One thing I love about dvorak that that layout doesn't have is ' , . not on the bottem row as they are used so often.
Actually if you look at the frequency of letters and punctuation, there are enough letters to occupy all of the home row and top row (assuming 10 letters on each of those rows) before they become less frequent that punctuation unless you want to put the comma on the top row but not the period because the least common of the letters you put on the top row is arguably close to the comma but far more frequent than the period.
A better place to put the punctuation is the two locations on the bottom row on the same side as the vowels (so left for dvorak, this is because you are more likely to end a word on a consonant so punctuation should be on the side with vowels to favor alternation) that are attributed to your index finger as the index finger has the easiest time of reaching the bottom row (try it and you'll see). So on dvorak, the punctuation should really be comma where V is on Qwerty and period where B is on Qwerty.

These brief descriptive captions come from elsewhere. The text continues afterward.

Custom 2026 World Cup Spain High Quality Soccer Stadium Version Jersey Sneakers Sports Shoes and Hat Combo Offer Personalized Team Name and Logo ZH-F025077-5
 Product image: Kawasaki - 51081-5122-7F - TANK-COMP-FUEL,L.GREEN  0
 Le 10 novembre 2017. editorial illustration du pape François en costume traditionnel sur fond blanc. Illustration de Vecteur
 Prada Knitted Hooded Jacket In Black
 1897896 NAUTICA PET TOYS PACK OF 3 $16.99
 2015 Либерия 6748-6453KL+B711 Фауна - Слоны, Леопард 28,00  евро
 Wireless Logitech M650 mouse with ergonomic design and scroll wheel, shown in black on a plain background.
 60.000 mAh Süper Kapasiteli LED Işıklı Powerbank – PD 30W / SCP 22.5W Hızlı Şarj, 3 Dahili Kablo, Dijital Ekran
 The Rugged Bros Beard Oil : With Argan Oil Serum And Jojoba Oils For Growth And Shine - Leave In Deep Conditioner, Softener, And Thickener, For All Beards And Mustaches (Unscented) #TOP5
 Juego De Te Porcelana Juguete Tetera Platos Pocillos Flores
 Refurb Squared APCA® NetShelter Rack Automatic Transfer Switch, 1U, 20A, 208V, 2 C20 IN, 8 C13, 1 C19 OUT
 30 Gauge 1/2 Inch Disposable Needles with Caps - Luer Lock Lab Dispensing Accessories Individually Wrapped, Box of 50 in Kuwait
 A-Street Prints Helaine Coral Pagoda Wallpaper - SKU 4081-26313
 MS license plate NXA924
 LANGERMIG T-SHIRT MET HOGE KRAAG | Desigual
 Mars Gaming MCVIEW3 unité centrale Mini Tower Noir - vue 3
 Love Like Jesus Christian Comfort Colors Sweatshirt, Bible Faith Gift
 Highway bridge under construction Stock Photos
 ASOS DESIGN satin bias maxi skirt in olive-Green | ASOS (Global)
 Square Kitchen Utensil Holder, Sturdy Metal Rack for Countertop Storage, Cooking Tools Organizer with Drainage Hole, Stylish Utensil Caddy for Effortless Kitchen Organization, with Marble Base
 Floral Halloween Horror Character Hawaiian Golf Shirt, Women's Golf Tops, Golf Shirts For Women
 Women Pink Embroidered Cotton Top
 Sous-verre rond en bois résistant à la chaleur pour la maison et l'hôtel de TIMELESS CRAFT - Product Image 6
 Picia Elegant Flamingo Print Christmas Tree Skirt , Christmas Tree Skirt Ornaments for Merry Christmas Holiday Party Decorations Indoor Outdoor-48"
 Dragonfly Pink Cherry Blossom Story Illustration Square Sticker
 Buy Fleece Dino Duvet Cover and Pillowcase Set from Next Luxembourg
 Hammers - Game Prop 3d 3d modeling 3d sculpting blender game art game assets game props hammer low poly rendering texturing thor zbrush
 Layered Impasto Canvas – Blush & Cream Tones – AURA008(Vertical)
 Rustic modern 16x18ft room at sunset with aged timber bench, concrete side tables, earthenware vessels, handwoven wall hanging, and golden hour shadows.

This works out better if the vowels were on the right side, as B is kind of far for the left hand whereas using N and M for comma and period respectively is a bit easier. I'm working on a layout that does this.
I don't know why everyone keeps those in place for an otherwise excellent layout. Also, I see no reason why ZXCV should stay. There's too much work going into good layouts that are ultimately hurt by these flaws.
C and V should likely be free to move because they are somewhat common, but when it comes to Z and X, they will definitely find themselves on the bottom row anyways. Since they are so infrequent at around 0.7% and 1.5% usage respectively, you don't stand to gain much. They also happen to be on some of the worse places already anyways, as the pinky and ring finger are the two worst fingers. If you were to place the two least common letters on the bottom row pinkies, they would be Z and Q. If you were to place the next least two common letters on the bottom row ring fingers they would be J and X. This puts them right back where they are already (though maybe you might want them on the right hand side or you might put some sort of symbol in those spots instead)! So because it would make very little difference even if you did move them around, it doesn't hurt to just keep them in convenient (close to Ctrl) and familiar places.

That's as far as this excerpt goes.